Day 266: Midnight Shopping
Ahhhh Friday...another week gone by. Besides our Thursday Dinner/Game Night with Michael, Addie, and Katie, my other weekly tradition is Friday TV Night with Sally & Jason. After work every Friday we race home just in time to watch The Apprentice, which is then followed by Survivor. Those two very short hours of television is something we look forward to *all week!* There's not a lot of good TV here, and I can never figure out when stuff is on (TV shows seem to start and end at random times here, shows rarely begin on the hour or half hour unless it's on AFN.) The three of us really do love our reality TV and those two shows back-to-back is the creme-de-la-creme of it! It's fun and social and just the perfect way to unwind after the week. I'm far too tired to go out on the town on Friday nights so this little tradition suits me perfectly.
After our TV shows we decided to go and do a little grocery shopping at Wal-Mart. The Wal-Mart here in Ilsan, strangely enough, is actually open 24 hours a day. I can't imagine what Korean family would be shopping at Wally World on a Wednesday night at like 3am, but hey, at least the option's there! The store was fairly empty when we were there and it was actually quite pleasant for shopping. Most days you can barely even navigate your cart safely down the aisle without mowing down at least three elderly ajimas on the way to grab that last can of imported dill pickles.
Once again, the idea of a 24 hours grocery store baffles me. It makes me think of travelling in the States actually.
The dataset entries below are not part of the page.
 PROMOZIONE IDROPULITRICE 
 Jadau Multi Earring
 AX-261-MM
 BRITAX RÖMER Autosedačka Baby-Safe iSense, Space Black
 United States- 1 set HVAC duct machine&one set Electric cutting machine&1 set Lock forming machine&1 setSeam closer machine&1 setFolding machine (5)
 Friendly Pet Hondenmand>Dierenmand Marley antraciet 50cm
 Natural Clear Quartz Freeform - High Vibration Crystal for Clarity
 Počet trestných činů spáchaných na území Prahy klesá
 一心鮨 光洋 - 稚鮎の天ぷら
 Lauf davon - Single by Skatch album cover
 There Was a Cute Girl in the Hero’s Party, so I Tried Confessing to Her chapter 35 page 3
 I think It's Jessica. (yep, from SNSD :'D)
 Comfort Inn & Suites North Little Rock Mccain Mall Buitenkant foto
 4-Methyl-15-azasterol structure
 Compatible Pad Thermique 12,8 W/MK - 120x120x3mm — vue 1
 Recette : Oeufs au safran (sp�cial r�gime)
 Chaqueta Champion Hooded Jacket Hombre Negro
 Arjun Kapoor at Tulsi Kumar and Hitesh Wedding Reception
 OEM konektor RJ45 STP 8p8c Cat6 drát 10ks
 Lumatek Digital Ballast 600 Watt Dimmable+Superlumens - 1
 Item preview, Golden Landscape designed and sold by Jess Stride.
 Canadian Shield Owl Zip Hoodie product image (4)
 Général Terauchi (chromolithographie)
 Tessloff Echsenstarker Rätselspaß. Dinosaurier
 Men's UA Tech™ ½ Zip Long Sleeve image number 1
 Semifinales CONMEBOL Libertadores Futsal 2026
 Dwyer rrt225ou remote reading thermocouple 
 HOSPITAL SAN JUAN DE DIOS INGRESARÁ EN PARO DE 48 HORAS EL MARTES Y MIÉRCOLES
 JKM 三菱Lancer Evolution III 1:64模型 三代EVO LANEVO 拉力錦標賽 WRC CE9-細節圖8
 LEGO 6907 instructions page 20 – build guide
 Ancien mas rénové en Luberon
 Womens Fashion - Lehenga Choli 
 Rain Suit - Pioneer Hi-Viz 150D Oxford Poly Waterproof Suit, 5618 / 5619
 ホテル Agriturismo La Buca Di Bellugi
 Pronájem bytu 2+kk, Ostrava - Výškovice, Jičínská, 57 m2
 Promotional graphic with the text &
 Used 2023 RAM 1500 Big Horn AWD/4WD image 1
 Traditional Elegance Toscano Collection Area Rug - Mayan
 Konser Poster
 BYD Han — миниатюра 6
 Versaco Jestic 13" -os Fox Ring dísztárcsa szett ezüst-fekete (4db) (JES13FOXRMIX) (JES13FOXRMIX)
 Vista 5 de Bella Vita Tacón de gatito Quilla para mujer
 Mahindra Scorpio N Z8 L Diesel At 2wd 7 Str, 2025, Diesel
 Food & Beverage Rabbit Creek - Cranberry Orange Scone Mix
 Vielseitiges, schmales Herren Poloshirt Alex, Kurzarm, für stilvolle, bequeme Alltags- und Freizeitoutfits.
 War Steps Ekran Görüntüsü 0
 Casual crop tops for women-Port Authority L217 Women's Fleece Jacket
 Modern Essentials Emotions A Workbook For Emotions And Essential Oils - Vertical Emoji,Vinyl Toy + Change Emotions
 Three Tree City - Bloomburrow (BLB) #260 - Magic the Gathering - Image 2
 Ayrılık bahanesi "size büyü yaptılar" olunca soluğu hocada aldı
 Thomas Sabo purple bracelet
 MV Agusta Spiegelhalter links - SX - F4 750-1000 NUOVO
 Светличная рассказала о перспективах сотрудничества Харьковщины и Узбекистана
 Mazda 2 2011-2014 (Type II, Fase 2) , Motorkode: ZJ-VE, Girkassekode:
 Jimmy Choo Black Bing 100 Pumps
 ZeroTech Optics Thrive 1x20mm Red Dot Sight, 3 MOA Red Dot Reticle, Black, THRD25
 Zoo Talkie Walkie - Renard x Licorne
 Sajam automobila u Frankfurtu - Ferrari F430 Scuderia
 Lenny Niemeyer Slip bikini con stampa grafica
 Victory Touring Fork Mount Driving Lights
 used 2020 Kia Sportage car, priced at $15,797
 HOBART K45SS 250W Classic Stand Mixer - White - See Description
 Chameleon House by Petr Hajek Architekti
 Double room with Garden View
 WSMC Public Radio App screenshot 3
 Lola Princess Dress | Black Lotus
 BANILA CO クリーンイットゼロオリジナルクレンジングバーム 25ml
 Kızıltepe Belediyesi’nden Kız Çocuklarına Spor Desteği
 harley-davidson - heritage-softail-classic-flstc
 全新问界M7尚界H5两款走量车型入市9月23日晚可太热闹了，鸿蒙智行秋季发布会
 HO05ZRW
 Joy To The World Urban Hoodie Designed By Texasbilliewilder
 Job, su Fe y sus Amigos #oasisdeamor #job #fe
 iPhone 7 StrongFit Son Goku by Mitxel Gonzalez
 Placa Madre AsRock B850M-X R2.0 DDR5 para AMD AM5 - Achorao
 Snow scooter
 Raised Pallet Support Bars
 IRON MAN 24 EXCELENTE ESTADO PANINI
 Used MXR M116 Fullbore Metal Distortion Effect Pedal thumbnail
Between Vancouver and Seattle are all these GIANT grocery supermegahuge food stores that are not only open 24/7 but located way out in the middle of nowhere. These stores are the size of small cities and NEVER close! What's up with that? Grocery stores in Canada close at midnight so seeing these always perplexed me. Doesn't the store lose money staying open so long? Who goes shopping for food in the wee hours of the morning? And why are they always way out far from populated urban centres? We'd be driving at night in the pitch black of the forest on I-5 and suddenly see a glow on the horizon. That glow would always turn out to be one of these strange shopping anomalies and my friends and I would always get a kick out of visiting them, just because we could. Buying Keebler cookies and other fun random American treats at 2:30am in Hicksville, Washington was always a good time. And now I can continue that here in Ilsan if I choose, although Korean suburbia is certainly far removed from being in the pitch black middle of nowhere America... Weird, but fun. :-)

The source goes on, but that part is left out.